In the world we live in today, change is the only constant. That’s an irrefutable fact.
And while change in the media in general and in the magazine industry in particular has been occurring at record speed, the Audience First movement is based on the premise that the focus of media managers today should be on the audience and not on the platforms themselves.
So as we experience all of these technological and digitally-inherent changes, we must never lose sight of what’s important: the audience, not the platform they consume their content on. The ‘Four Cs’ strategy puts that premise into action by linking the first Four Cs with the Foundational Four Cs and using ‘C-Power’ to keep our customers engaged.
The Foundational Four Cs are:
- Customer – the audience is our… customer
- Choice – the customer wants… choices
- Control – the customer is in… control
- Change – the only constant in… our business
It may sound like a whole lot of Cs, but we’re surrounded by seas in just about any country we may live in, so we have to sink or swim and it’s time we all learned to do more than dog paddle!
Call a customer a customer. It is what it is. Customers are our main goal, main source of revenue and the only reason that we in the magazine business have a job.
So, the first thing publishers and makers of content have to do is to know their audiences. It’s as simple as that. You can’t sell milk to someone who already owns ten cows, unless those cows are unable to lactate.
You have to give your audience something they need and want before they’re going to become addicted to your product.
Creating relevant and important content is a must. In this day and age the customer already has so much choice. They can find content anywhere, anytime on the internet. From their PC and laptop to their mobile device, choice is a plentiful commodity.
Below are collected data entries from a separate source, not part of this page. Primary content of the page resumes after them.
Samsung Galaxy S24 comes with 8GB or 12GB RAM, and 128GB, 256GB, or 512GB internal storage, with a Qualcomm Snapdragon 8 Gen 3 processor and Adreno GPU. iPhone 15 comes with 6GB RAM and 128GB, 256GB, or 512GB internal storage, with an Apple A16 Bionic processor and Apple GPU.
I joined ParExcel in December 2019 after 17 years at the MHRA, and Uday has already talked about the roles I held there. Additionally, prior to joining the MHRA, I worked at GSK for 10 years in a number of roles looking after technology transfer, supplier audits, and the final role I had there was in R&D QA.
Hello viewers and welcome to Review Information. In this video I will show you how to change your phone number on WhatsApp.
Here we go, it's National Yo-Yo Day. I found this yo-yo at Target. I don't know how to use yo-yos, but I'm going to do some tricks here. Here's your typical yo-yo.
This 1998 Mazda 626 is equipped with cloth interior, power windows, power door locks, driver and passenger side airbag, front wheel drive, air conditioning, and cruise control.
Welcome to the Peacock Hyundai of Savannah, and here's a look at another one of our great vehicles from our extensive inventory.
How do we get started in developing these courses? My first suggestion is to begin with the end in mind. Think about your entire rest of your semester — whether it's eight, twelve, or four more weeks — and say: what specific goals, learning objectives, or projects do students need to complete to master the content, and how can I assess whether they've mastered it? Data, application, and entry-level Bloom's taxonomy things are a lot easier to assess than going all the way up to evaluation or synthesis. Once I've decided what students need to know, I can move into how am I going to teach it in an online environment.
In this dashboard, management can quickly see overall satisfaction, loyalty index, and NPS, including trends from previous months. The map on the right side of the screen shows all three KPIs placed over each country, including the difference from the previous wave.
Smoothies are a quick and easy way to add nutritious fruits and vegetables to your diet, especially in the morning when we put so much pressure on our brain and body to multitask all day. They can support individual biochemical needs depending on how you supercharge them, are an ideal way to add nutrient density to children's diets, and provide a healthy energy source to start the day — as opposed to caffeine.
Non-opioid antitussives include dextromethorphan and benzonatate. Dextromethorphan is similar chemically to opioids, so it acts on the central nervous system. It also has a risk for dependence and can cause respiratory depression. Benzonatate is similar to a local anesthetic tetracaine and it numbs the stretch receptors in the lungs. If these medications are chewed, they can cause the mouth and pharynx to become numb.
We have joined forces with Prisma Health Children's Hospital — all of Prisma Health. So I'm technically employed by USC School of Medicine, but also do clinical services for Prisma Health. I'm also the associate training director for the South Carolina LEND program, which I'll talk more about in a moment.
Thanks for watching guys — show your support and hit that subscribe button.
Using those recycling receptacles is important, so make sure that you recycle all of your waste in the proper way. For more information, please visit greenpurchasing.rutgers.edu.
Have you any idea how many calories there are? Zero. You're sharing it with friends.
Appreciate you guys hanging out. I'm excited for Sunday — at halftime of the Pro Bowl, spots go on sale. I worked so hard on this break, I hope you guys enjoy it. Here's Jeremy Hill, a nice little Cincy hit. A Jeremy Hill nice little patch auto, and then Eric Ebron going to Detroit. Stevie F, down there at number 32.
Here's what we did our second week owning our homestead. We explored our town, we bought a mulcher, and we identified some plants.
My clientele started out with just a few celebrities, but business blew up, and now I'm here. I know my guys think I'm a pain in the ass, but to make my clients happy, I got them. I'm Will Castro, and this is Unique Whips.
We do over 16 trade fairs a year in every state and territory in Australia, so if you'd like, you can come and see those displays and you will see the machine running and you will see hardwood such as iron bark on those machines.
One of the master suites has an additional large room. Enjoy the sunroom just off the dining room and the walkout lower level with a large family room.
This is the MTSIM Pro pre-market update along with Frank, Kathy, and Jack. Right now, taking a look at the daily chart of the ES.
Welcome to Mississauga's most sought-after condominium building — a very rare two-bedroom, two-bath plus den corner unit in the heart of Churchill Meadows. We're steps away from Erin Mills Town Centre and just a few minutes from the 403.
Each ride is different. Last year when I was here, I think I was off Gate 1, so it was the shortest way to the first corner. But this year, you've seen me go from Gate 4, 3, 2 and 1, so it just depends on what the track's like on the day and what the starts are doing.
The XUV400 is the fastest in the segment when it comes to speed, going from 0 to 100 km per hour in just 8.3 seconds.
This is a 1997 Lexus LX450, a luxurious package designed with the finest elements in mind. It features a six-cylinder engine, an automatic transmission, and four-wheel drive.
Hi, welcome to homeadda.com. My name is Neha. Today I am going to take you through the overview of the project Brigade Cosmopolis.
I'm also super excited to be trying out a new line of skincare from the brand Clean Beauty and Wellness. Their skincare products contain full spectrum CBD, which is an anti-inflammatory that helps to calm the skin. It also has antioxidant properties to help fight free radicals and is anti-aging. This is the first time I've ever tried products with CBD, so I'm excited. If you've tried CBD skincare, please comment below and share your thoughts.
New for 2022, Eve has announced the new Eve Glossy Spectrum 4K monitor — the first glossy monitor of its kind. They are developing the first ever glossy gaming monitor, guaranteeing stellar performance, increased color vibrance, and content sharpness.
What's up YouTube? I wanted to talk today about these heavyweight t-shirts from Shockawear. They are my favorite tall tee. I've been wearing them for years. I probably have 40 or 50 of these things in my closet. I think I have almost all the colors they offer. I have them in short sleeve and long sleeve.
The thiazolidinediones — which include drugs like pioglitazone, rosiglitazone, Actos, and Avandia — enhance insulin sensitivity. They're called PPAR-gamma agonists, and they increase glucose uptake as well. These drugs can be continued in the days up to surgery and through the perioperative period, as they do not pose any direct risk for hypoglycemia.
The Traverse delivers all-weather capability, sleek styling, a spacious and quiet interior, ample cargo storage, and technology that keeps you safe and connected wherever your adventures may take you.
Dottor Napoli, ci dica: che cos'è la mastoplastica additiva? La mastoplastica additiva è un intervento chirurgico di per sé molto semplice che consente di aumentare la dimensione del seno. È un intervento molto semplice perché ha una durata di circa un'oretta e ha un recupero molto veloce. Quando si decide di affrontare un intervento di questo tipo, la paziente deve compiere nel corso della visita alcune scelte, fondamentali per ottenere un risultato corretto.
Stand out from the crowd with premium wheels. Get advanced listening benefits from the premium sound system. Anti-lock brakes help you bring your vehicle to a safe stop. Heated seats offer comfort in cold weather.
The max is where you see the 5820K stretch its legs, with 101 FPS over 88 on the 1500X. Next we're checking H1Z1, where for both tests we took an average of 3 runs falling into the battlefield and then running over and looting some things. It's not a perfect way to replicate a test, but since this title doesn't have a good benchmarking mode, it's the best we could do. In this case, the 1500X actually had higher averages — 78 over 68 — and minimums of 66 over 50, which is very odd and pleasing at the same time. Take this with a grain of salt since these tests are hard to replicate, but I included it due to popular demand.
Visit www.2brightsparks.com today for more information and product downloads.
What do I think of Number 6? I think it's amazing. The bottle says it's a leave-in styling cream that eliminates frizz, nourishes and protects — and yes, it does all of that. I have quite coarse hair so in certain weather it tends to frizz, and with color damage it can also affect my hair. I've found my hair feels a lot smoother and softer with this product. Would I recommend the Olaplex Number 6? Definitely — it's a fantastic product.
Therefore, you have to make your product even more engaging and relevant to the customer if you even hope to have a snowball’s chance in summertime Mississippi of creating a dent in the competition’s armour. It’s up to you.
Truly, the power of audiences has never been greater. It’s certainly an on-demand world when it comes to content consumption and magazines have learned the hard way that getting information to the ones ultimately in control – the audience – in the way that they want it, is key to maintaining relevance.
There are mediums for each type of content the audience wants and needs to consume. And magazines may not be for breaking news, but they do have a collectability factor that digital does not have.
And audiences have long-recognised that fact. It’s time magazine makers did as well. Ceding control is never easy, but it’s sometimes mandatory for survival.
Instead of fearing change, we need to embrace it. We must recognise the fact that technology isn’t going away. Magazines and magazine media must face that and grow along with the rest of the world.
Through creativity and innovation, magazines can and will survive and in fact, thrive, in this digital world. We just have to be willing to realise that as fast as technology evolves, magazines have to evolve too.
You can’t know where you’re going until you know where you’ve been. However, there’s no sense in overstaying your welcome in the past.
Acknowledge it, revel in it or wallow in it for a moment, whichever is suitable for your particular situation, and then move along.
I dare say that the future of magazines is what we make it.
After all, no one can define magazines like the people who create them. So, we have to be relevant and necessary, content-engaging and offer a viable, collectable choice for our customers. And above all else, we have to put the Audience First at all times.
There’s nothing more important than the hands that choose your product from the newsstand or retrieve it from their mailboxes.
Many things come next when it comes to the future of magazines, but only one thing will ever come first: the audience.